** Material provided **
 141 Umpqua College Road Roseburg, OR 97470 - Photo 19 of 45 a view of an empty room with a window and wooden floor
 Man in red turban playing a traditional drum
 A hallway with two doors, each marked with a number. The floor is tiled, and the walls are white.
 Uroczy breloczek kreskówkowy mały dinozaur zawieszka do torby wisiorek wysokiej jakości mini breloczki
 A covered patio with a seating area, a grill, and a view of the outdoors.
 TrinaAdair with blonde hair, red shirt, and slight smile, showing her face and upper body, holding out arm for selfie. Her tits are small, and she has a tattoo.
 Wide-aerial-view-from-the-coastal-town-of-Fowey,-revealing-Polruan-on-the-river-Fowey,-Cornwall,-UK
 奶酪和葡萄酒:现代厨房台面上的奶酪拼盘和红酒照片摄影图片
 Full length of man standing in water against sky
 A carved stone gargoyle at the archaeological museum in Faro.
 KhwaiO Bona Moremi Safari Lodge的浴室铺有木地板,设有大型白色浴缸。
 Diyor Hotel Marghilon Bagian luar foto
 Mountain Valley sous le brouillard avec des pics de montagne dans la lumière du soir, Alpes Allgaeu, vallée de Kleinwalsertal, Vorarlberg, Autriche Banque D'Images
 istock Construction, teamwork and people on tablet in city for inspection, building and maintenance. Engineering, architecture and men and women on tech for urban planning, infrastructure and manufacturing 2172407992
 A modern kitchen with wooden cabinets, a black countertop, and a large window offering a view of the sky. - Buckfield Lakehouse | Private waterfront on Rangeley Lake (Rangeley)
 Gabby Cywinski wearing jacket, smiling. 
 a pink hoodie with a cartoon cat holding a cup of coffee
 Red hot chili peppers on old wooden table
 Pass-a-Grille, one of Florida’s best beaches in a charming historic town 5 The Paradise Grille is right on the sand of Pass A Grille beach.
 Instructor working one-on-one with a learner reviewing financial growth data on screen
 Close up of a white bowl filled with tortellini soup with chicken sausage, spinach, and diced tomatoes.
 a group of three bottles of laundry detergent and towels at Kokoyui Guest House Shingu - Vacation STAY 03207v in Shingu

** What to work on **
Lines from the one holding "Close up of" through the end of the material above should be output exactly, and all others skipped.

** Response to the task **
 Close up of a white bowl filled with tortellini soup with chicken sausage, spinach, and diced tomatoes.
 a group of three bottles of laundry detergent and towels at Kokoyui Guest House Shingu - Vacation STAY 03207v in Shingu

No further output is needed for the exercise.